*** Opening RECORDS SUPPLIED ***

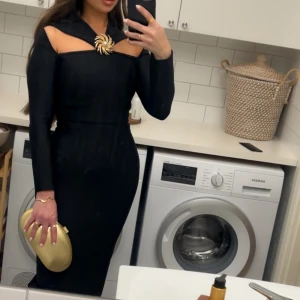 Svart långklänning från Bella Barnett - Supersnygg svart långklänning från Bella Barnett med unik cut-out upptill och en guldig solbrosch med pärla vid halsen. Klänningen har lång ärm, figurnära passform och ett elegant axelparti som ger en cool och modern vibe. Perfekt för dig som vill sticka ut.Normal i storlek använd i några timmar,nyligen köpt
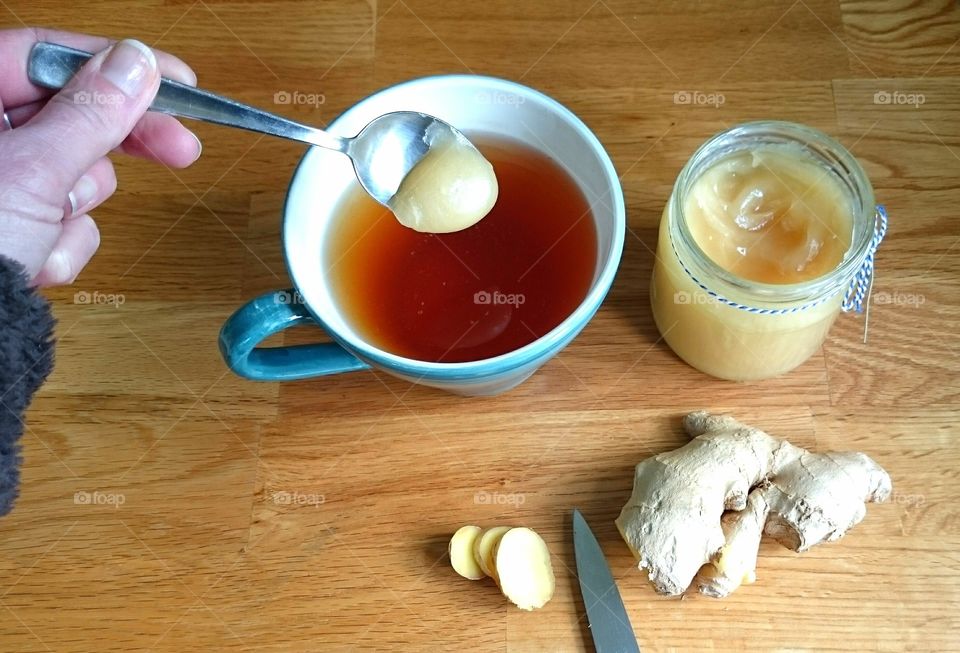 a spoon of honey in the tea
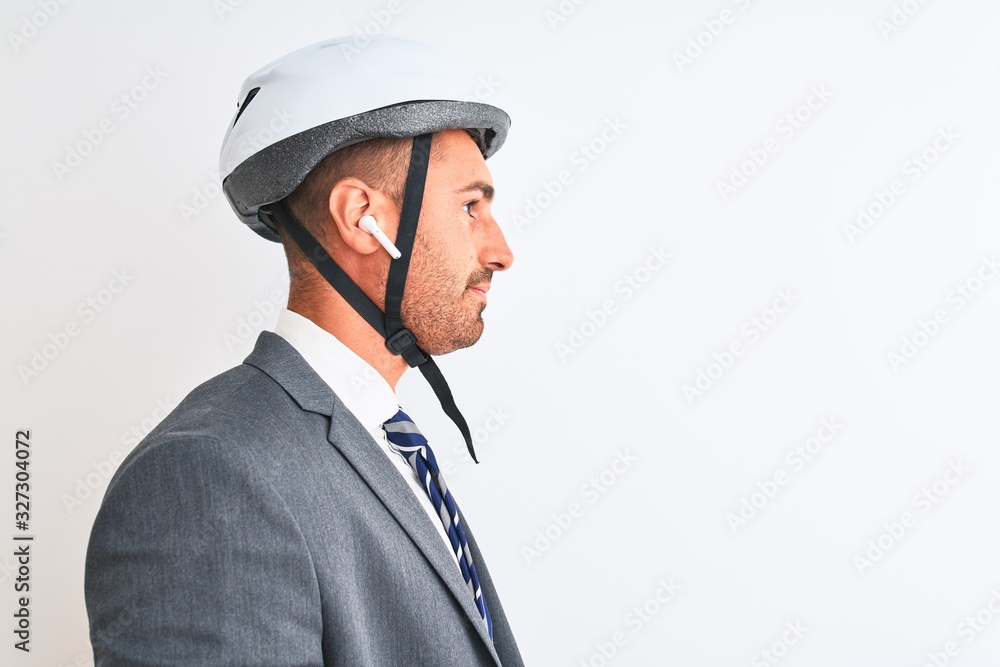 Fototapeta premium Young handsome business man bike helmet and wireless earphones over isolated background looking to side, relax profile pose with natural face with confident smile.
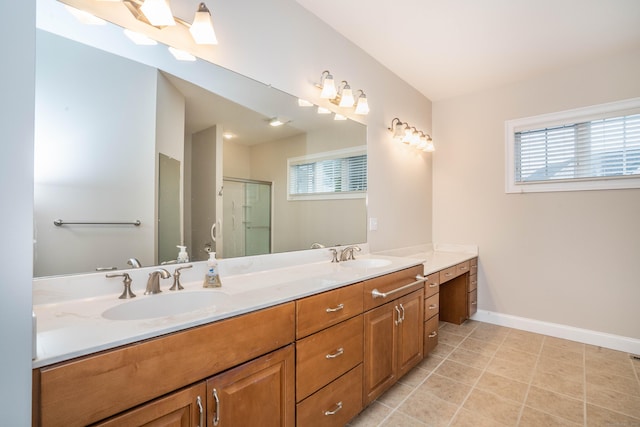 bathroom with a sink, a shower stall, baseboards, and double vanity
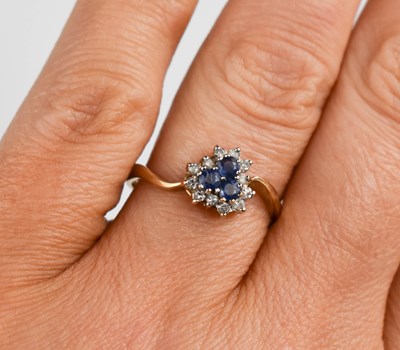 Lot 380 - A 9ct gold, diamond and sapphire ring, the...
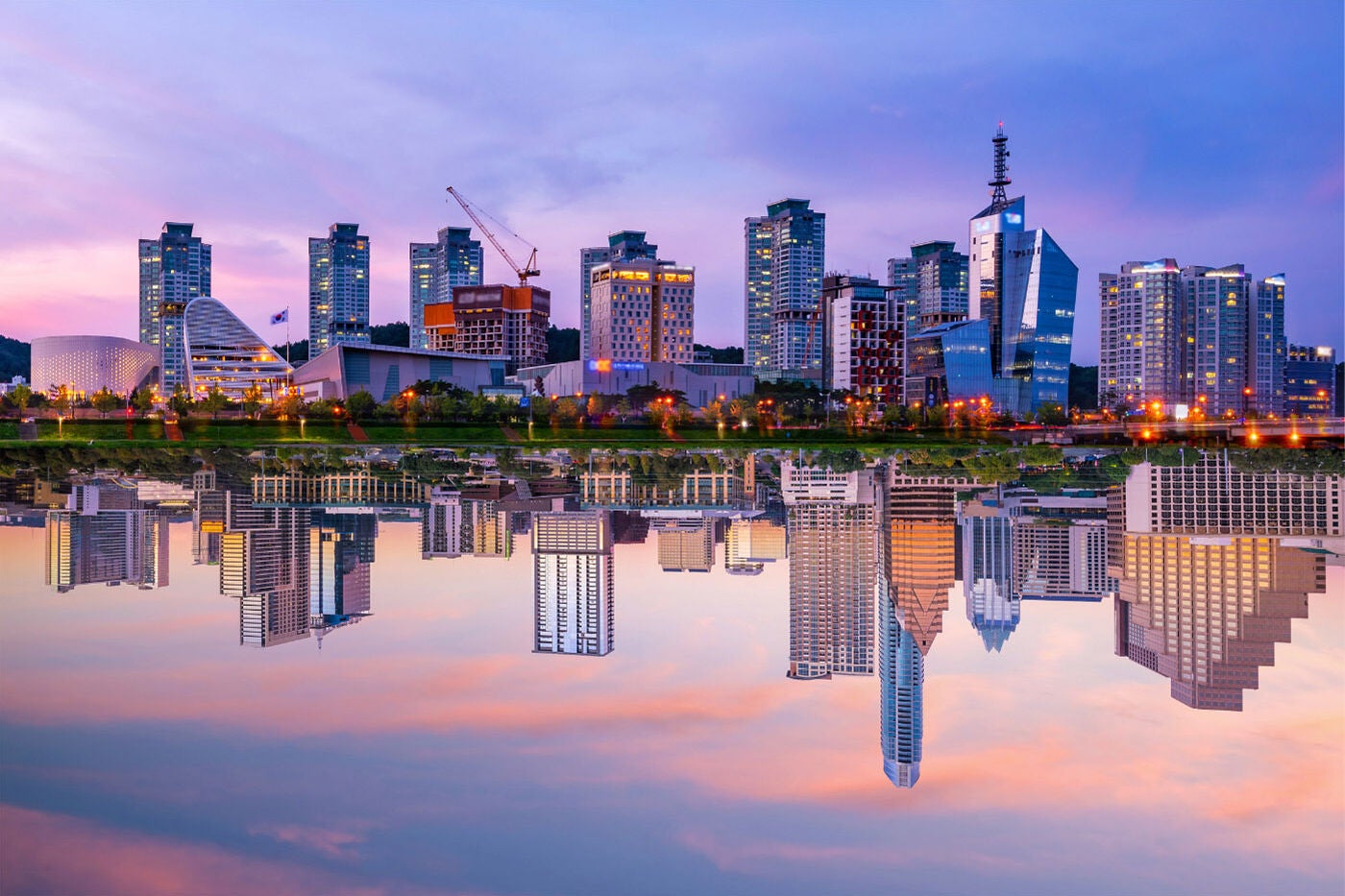 A composite image of the city skylines of Austin, TX and Daejeon, South Korea perfectly reflected in their respective rivers that run beside them during a beautiful purple, blue, and pink sunset.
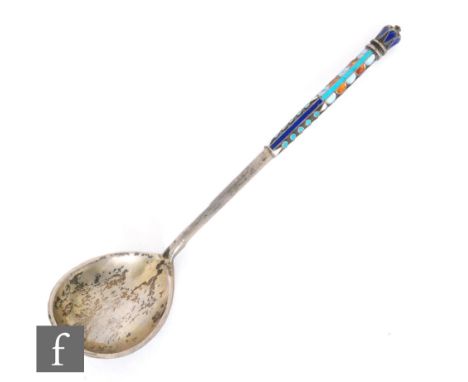 A Russian silver and cloisonne enamelled spoon decorated foliate scrolls in tonal red, blue and white within blue semi circul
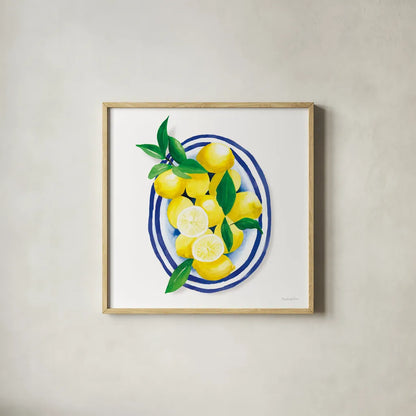 Spanish Lemons I by Mercedes Lopez Charro. Shown in a natural wood glass frame for a timeless modern aesthetic. Available as an archival giclee rolled canvas, fine art paper, or poster print. SKU 66360a.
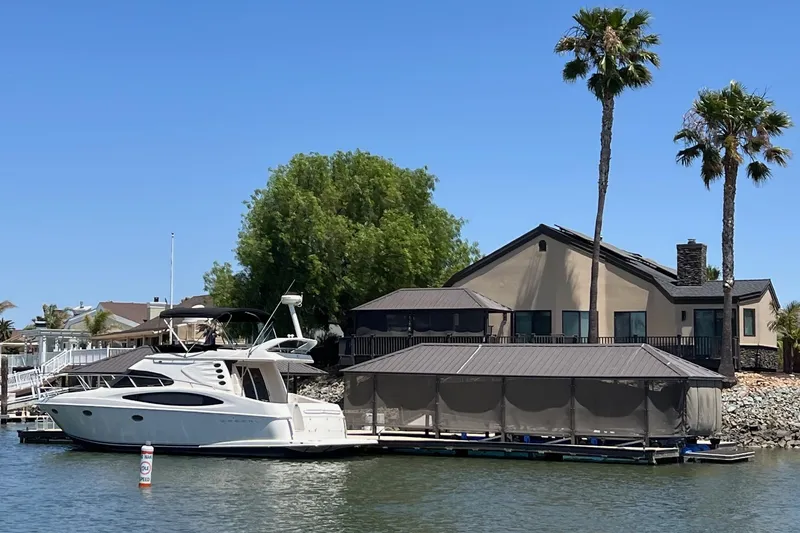 Slide: The Image of 2002 Regal Commodore 3880 yacht docked by a waterfront house with palm trees. - 3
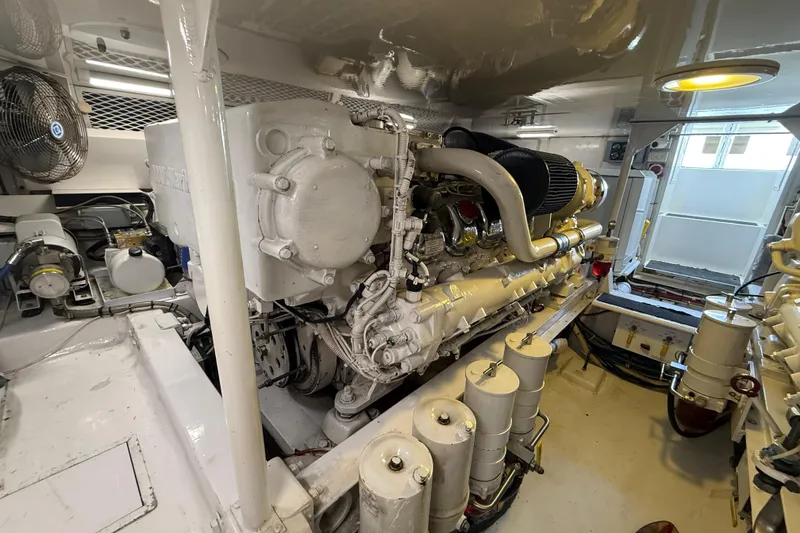 Slide: The Image of Engine room of a 2002 Viking 48 Convertible yacht, showcasing detailed machinery and components. - 81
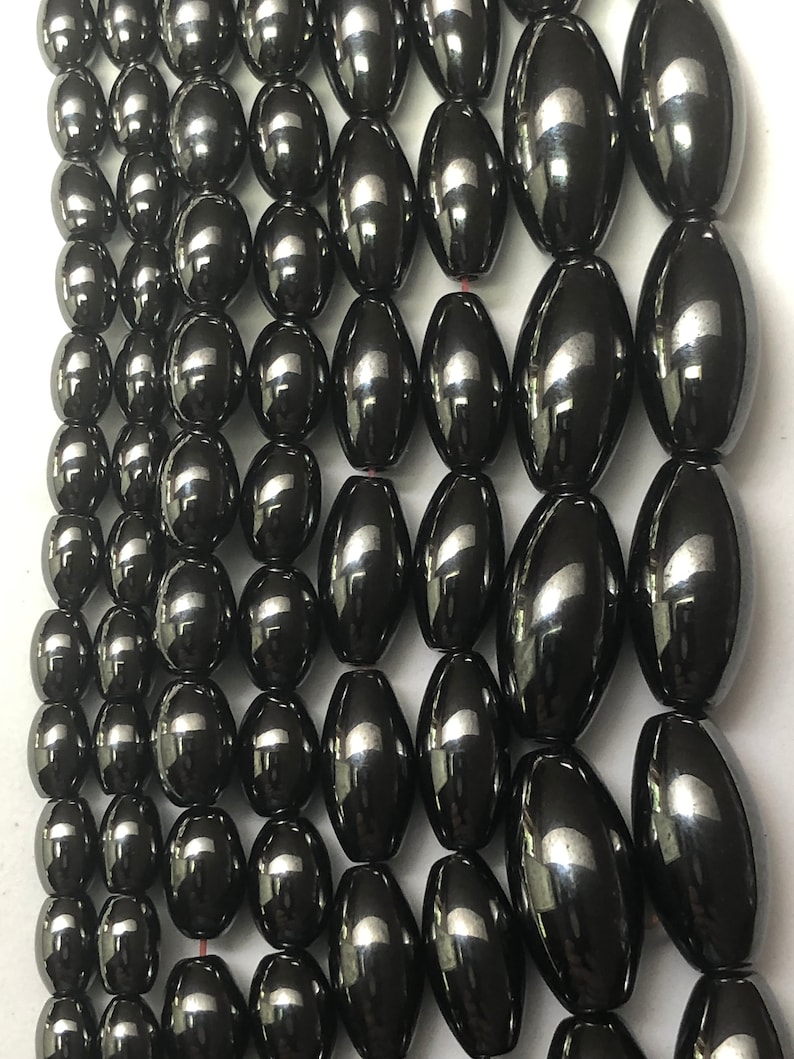 Peut inclure: Gros plan sur plusieurs rang&eacute;es de perles ovales gris fonc&eacute;. Les perles ont une surface brillante et r&eacute;fl&eacute;chissante. Elles sont enfil&eacute;es, probablement pour des projets de bijoux ou d'artisanat. Les perles sont de taille et de forme uniformes.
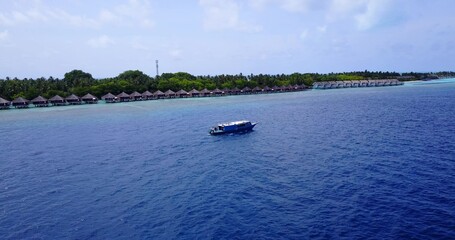 Obraz premium Aerial shot of a ship on a blue calm water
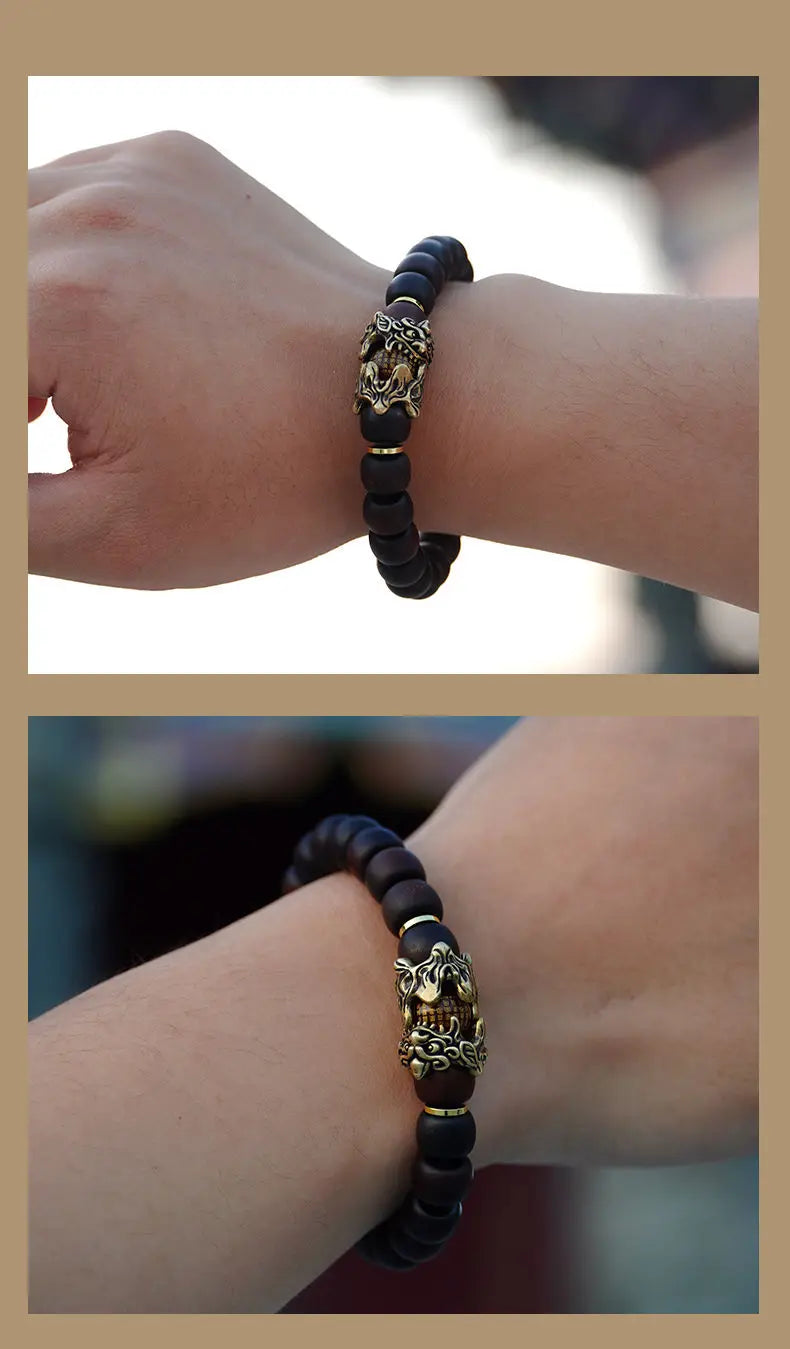 A close-up of a handcrafted Thunder-Wood Pixiu bracelet with semi-jade beads worn on a wrist.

*** Closing RECORDS SUPPLIED ***

--- TASK OBJECTIVE ---
The response should be the full material, repeated exactly, with images removed.

--- EXPECTED OUTPUT ---
 Svart långklänning från Bella Barnett - Supersnygg svart långklänning från Bella Barnett med unik cut-out upptill och en guldig solbrosch med pärla vid halsen. Klänningen har lång ärm, figurnära passform och ett elegant axelparti som ger en cool och modern vibe. Perfekt för dig som vill sticka ut.Normal i storlek använd i några timmar,nyligen köpt
 a spoon of honey in the tea
 Fototapeta premium Young handsome business man bike helmet and wireless earphones over isolated background looking to side, relax profile pose with natural face with confident smile.
 bathroom with a sink, a shower stall, baseboards, and double vanity
 Lot 380 - A 9ct gold, diamond and sapphire ring, the...
 A composite image of the city skylines of Austin, TX and Daejeon, South Korea perfectly reflected in their respective rivers that run beside them during a beautiful purple, blue, and pink sunset.
 A Russian silver and cloisonne enamelled spoon decorated foliate scrolls in tonal red, blue and white within blue semi circul
 Spanish Lemons I by Mercedes Lopez Charro. Shown in a natural wood glass frame for a timeless modern aesthetic. Available as an archival giclee rolled canvas, fine art paper, or poster print. SKU 66360a.
 Slide: The Image of 2002 Regal Commodore 3880 yacht docked by a waterfront house with palm trees. - 3
 Slide: The Image of Engine room of a 2002 Viking 48 Convertible yacht, showcasing detailed machinery and components. - 81
 Peut inclure: Gros plan sur plusieurs rang&eacute;es de perles ovales gris fonc&eacute;. Les perles ont une surface brillante et r&eacute;fl&eacute;chissante. Elles sont enfil&eacute;es, probablement pour des projets de bijoux ou d'artisanat. Les perles sont de taille et de forme uniformes.
 Obraz premium Aerial shot of a ship on a blue calm water
 A close-up of a handcrafted Thunder-Wood Pixiu bracelet with semi-jade beads worn on a wrist.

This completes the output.